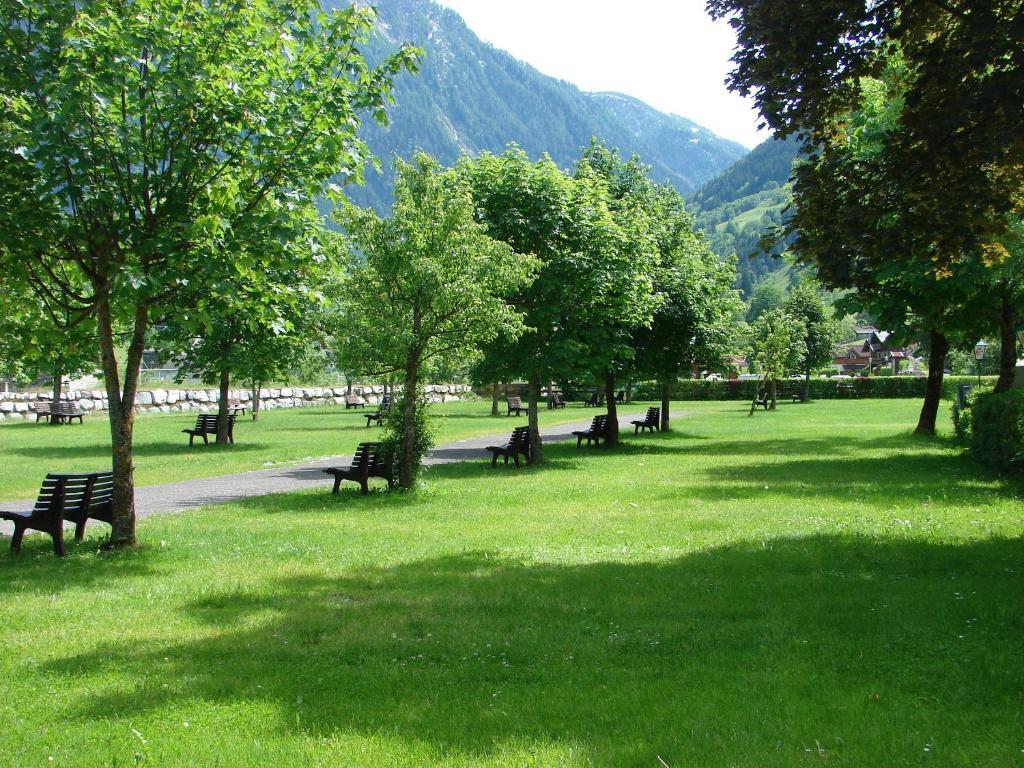 Hotel-Restaurant Lampenhaeusl Fusch an der Grossglocknerstrasse Екстериор снимка
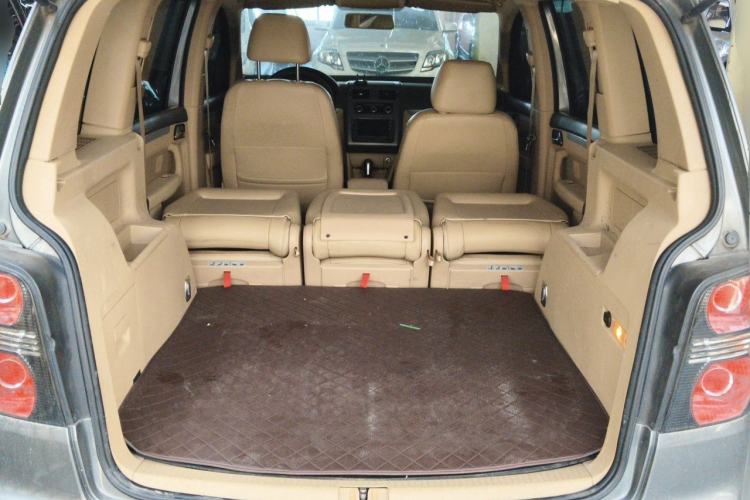 Used Volkswagen Touran 2011 1.4T DSG Zhiya Edition 5 Seats Trunk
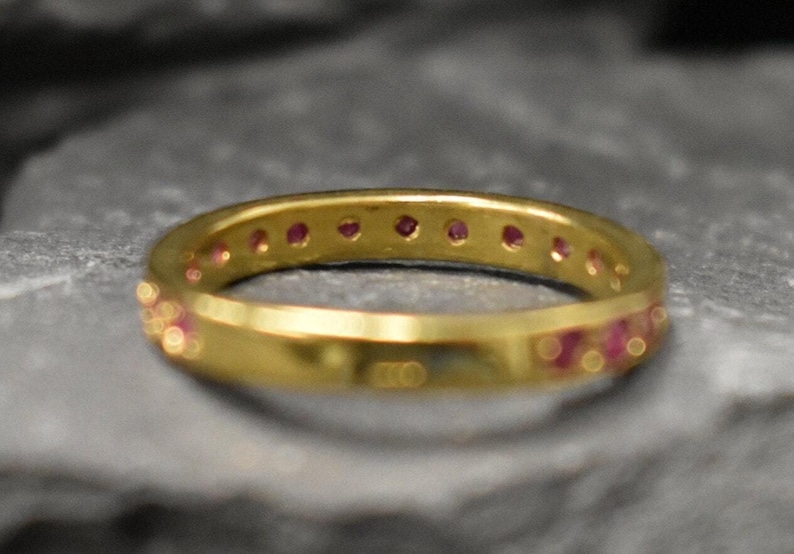 Anillo de oro con rubí, anillo de rubí, rubí natural, anillo de eternidad completo, anillo de eternidad de oro, anillo vintage de oro, alianza de rubí auténtico, alianza de rubí, anillo de plata imagen 10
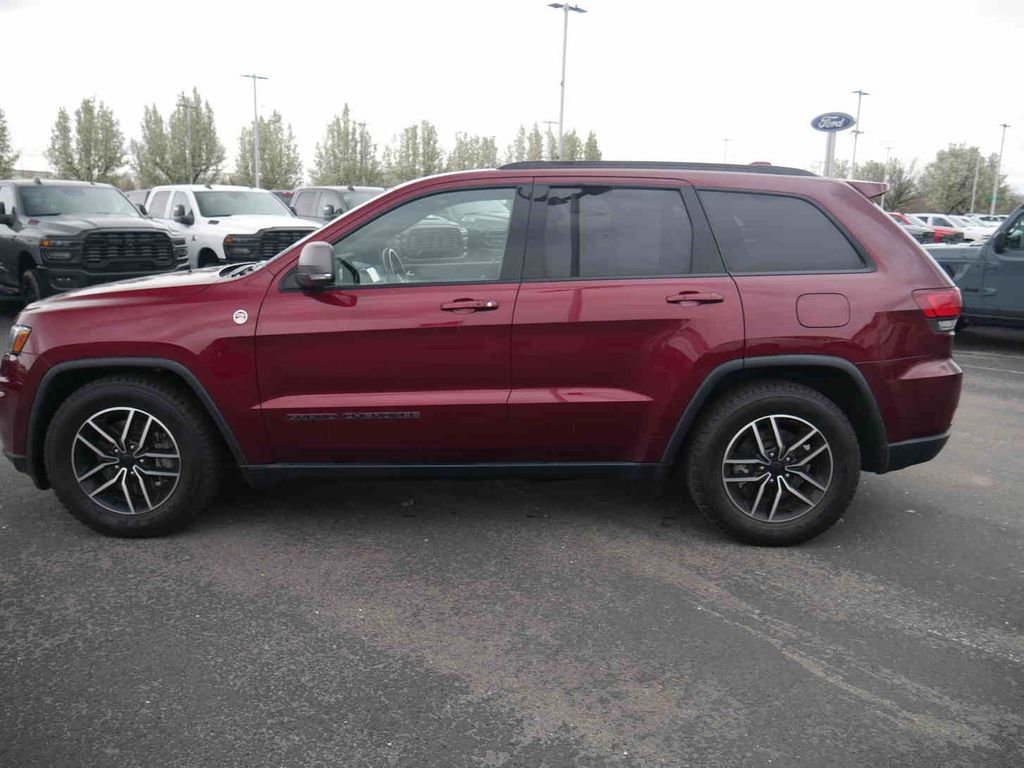 Used 2021 Jeep Grand Cherokee Trailhawk w/ Trailhawk Luxury Group AWD/4WD image 19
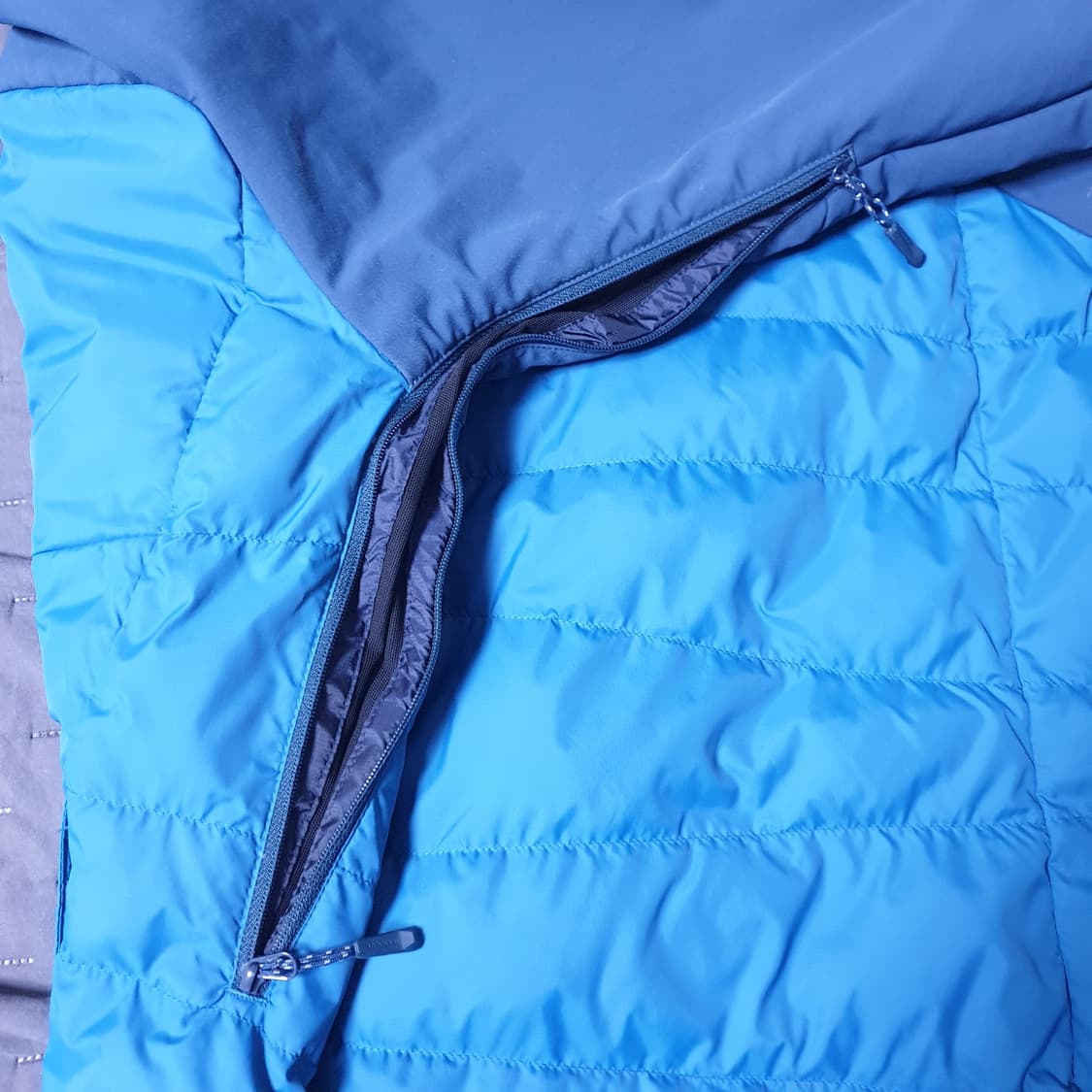 마무트경량 구스 패딩 자켓 상품이미지5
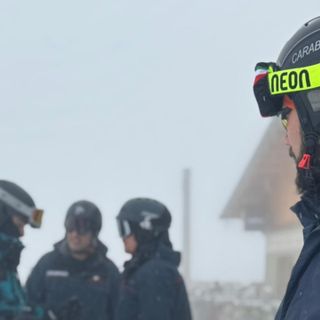 Senza casco in pista a Sestriere e Bardonecchia: pioggia di sanzioni nel weekend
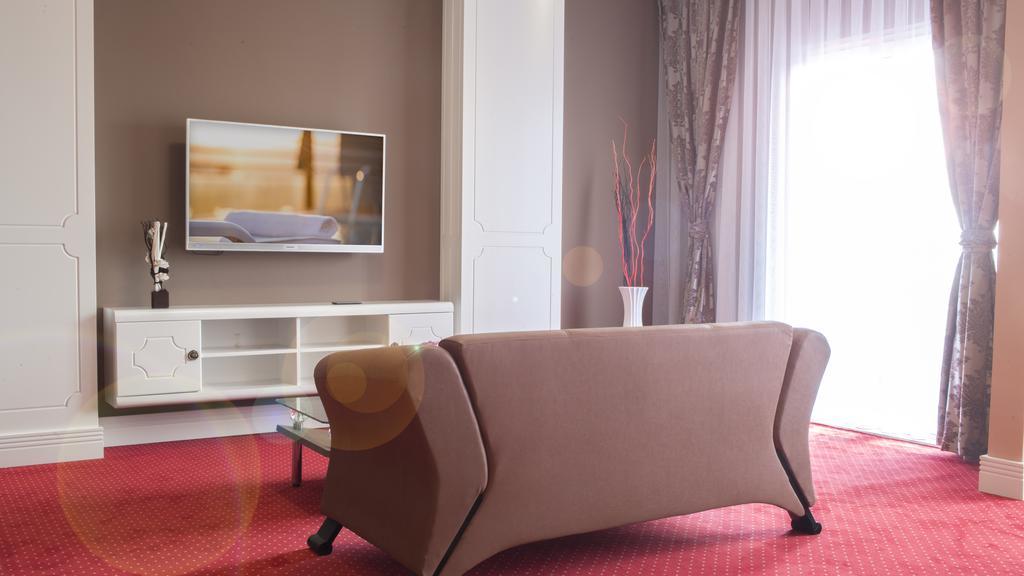 Semitronix Hotel Prishtina Prisztina Zewnętrze zdjęcie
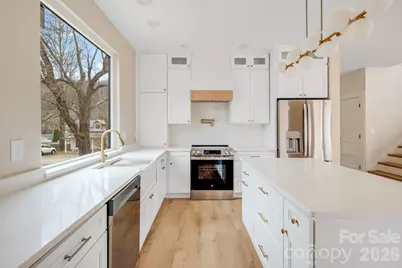 211 Ruby Avenue, Black Mountain, NC 28711 - Photo 13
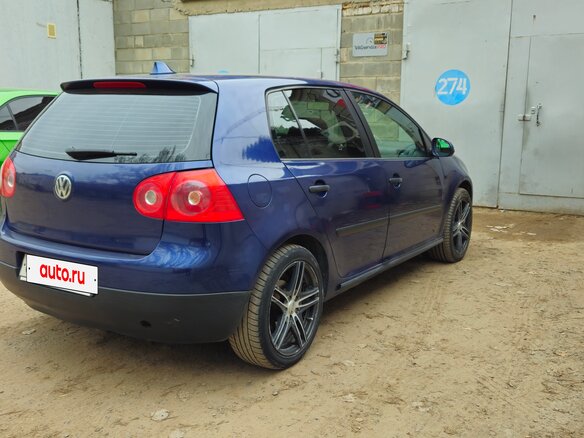 2006 Volkswagen Golf V, синий, 360000 рублей - вид 4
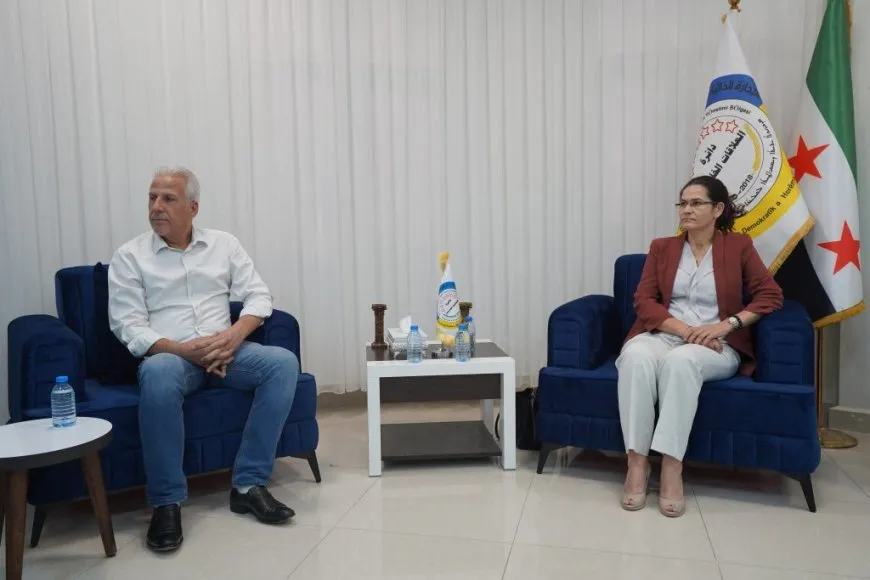 وفد من مثقفي "روج آڤا" يزور دائرة العلاقات الخارجية للإدارة الذاتية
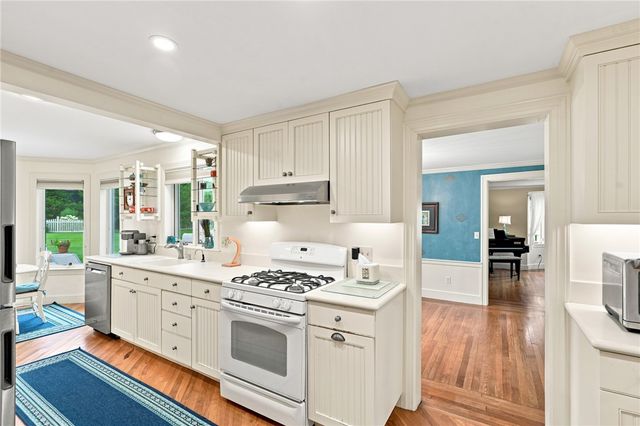 142 Ferry Road, Bristol, RI 02809
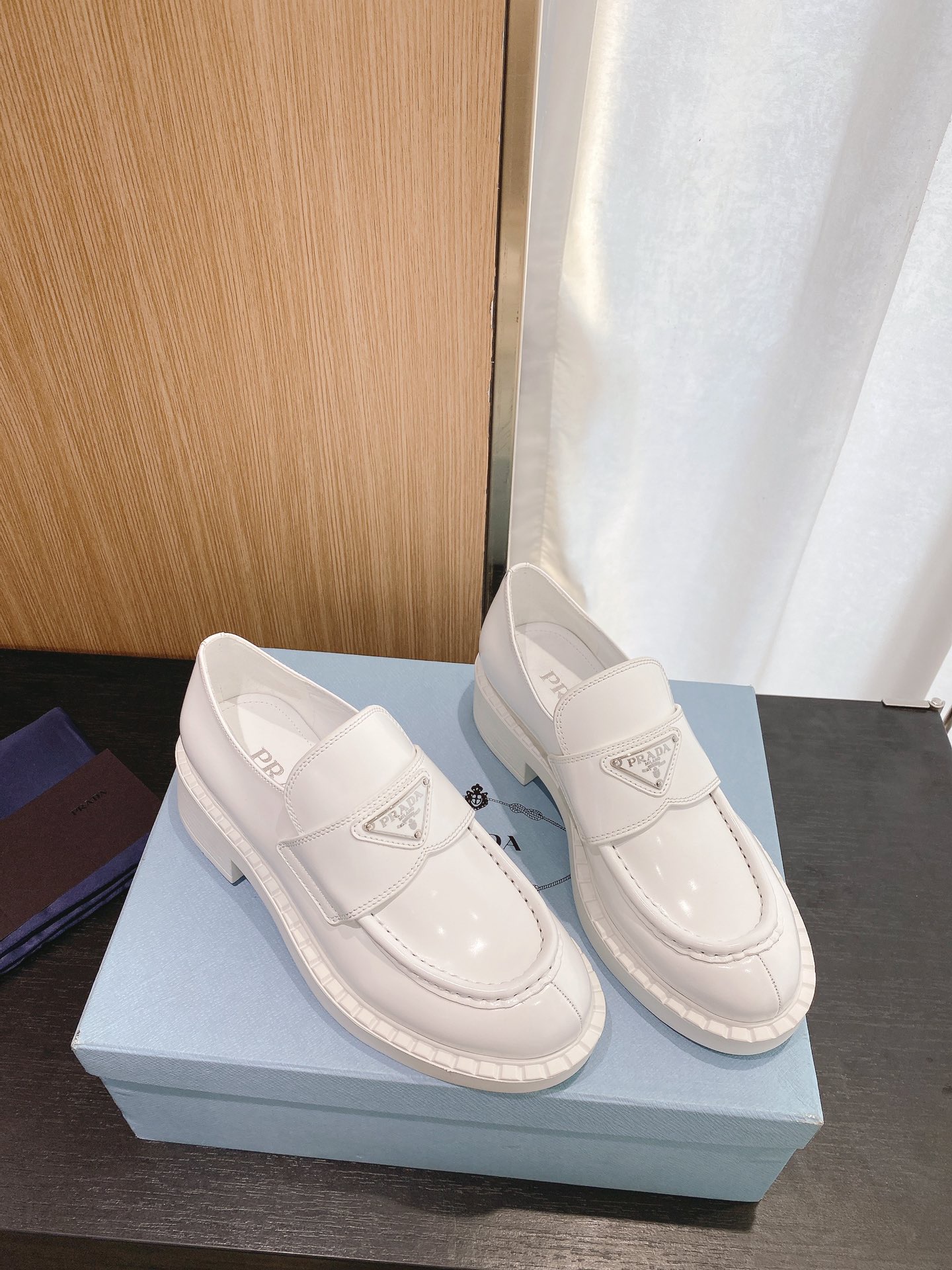 PRADA new arrival Classic serrated loafers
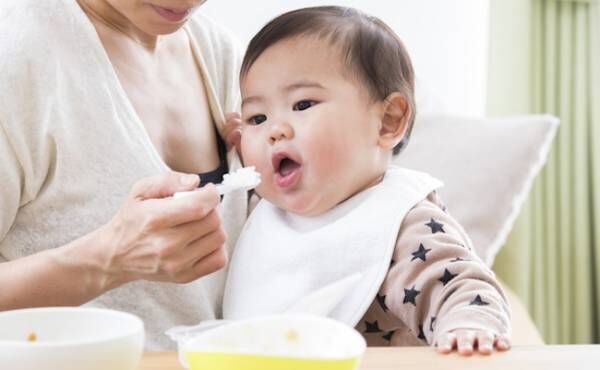 喉につまりそう 赤ちゃんが食べ物を丸のみしているときに見直すこと 年5月31日 ウーマンエキサイト 1 2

What you have to do:
From the line that holds "142 Ferry Road, Bristol, RI 02809" down to the last line of the material above, every line is to be copied exactly, both ends included; pictures are to be omitted.

Task response:
 142 Ferry Road, Bristol, RI 02809
 PRADA new arrival Classic serrated loafers
 喉につまりそう 赤ちゃんが食べ物を丸のみしているときに見直すこと 年5月31日 ウーマンエキサイト 1 2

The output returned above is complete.